L’absence de caractère dérisoire résultant de la circonstance que ce montant est celui fixé par la convention collective applicable à la relation de travail, en l’occurrence celle des salariés des entreprises de travail temporaire.
Les juges estiment que si les partenaires sociaux s’accordent sur un montant, il ne leur appartient pas de le remettre en cause…
Une telle analyse est cependant contestable dans la mesure où le montant de la contrepartie financière de la clause de non-concurrence n’est pas uniforme et varie très largement selon les conventions collectives.

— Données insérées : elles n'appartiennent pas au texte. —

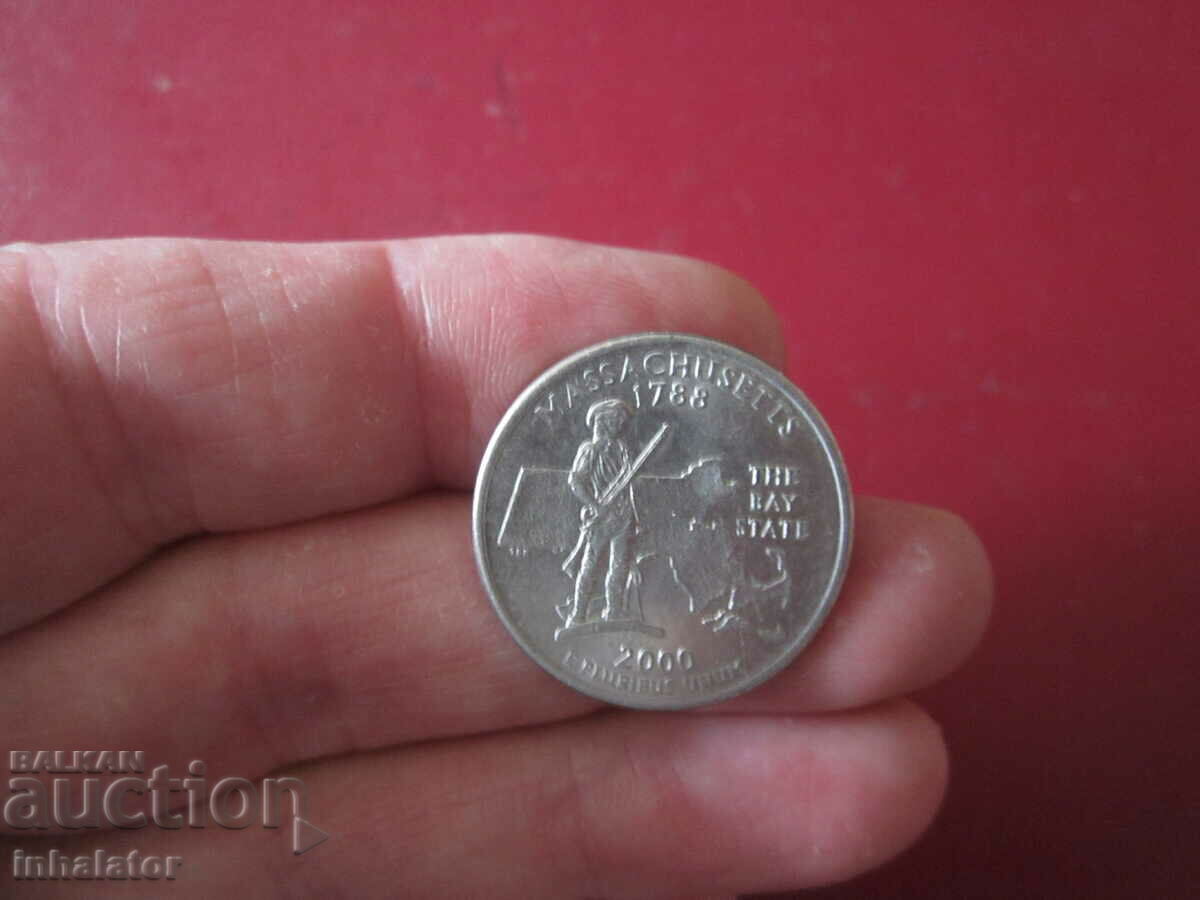 Масачузетс буква - D - 2000 год 25 цента САЩ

Ainsi à titre d’exemple de ces disparités : elle est notamment d’un tiers ou de deux-tiers des appointements mensuels du salarié, selon les restrictions qui lui sont imposées, dans la convention collective des industries chimiques, et d’au moins la moitié du dernier salaire brut mensuel fixe perçu dans la convention collective des activités de marchés financiers…
La Chambre sociale vient au demeurant de rappeler que le montant de la contrepartie financière ne peut être réduit.

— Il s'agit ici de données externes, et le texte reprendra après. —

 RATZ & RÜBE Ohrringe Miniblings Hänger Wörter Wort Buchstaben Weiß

La contrepartie financière de la clause de non-concurrence n’est pas une clause pénale
Un salarié, dont le contrat de travail comportait une clause de non-concurrence, démissionne et l’employeur ne lui paye la contrepartie financière qu’il lui doit.

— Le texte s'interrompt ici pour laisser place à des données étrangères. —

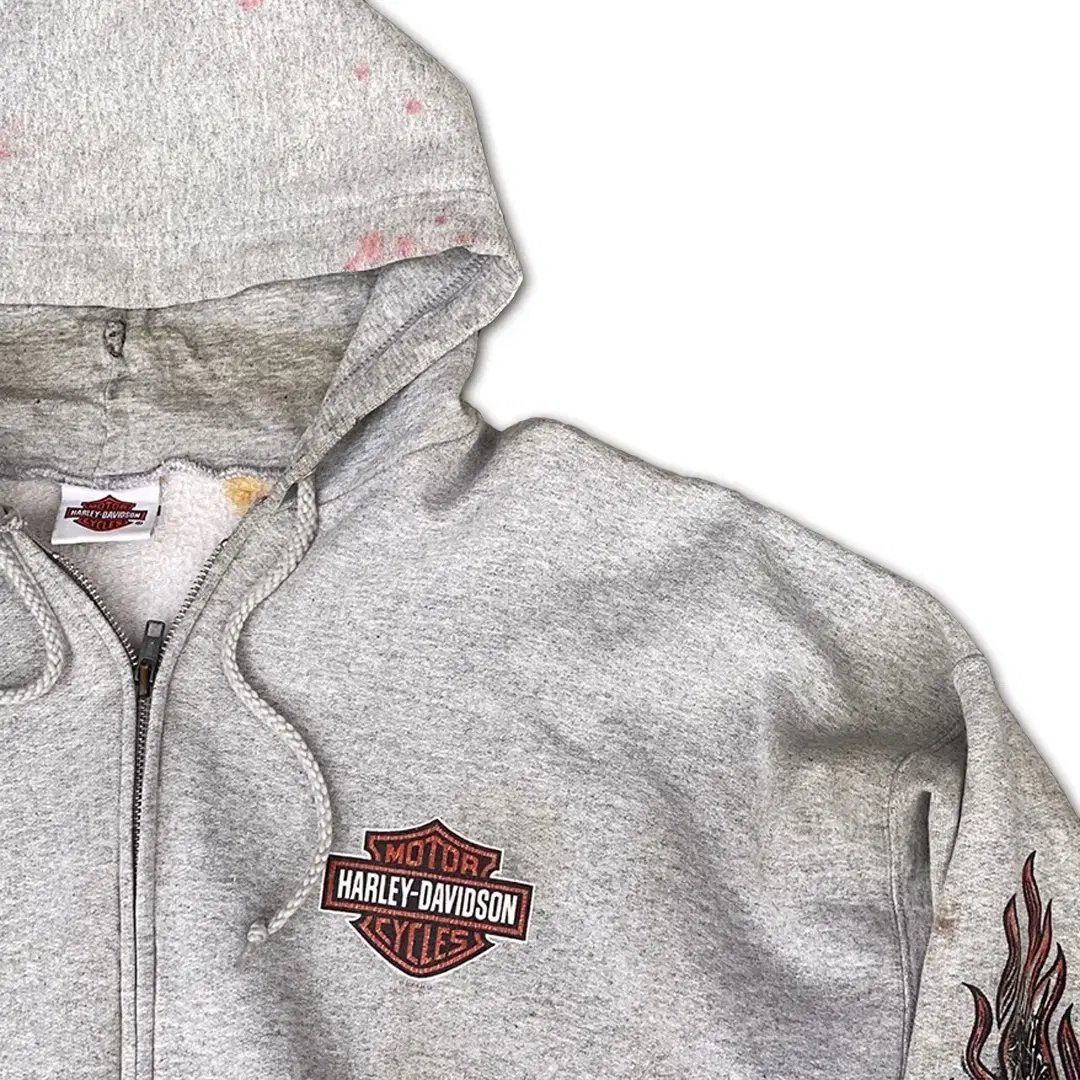 00s Harley Davidson flame hoodie zip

Il saisit donc la juridiction prud’homale d’une demande de paiement.
Son montant était fixé par référence à la convention collective de l’industrie textile à un tiers de mois de salaire, montant que l’employeur trouvait manifestement exorbitant.
Il soutient alors qu’il s’agit d’une clause pénale, dont le montant peut être réduit par le Juge lorsqu’elle est excessive, conformément aux dispositions légales.
La Chambre sociale de la Cour de cassation lui répond négativement, précisant que la contrepartie financière de la clause de non-concurrence ayant la nature d’une indemnité compensatrice de salaire stipulée en conséquence de l’engagement du salarié de ne pas exercer, après la cessation du contrat de travail, d’activité concurrente à celle de son ancien employeur, elle ne constitue pas une indemnité forfaitaire prévue en cas d’inexécution d’une obligation contractuelle (Cass. Soc. 13 oct. 2021 n° 20-12059).
Ajoutons pour conclure, que c’est précisément parce que la contrepartie financière de l’obligation de non-concurrence a la nature d’une indemnité compensatrice de salaires, qu’elle ouvre droit en outre à congés payés (Cass. Soc. 23 juin 2010 n° 08-70233).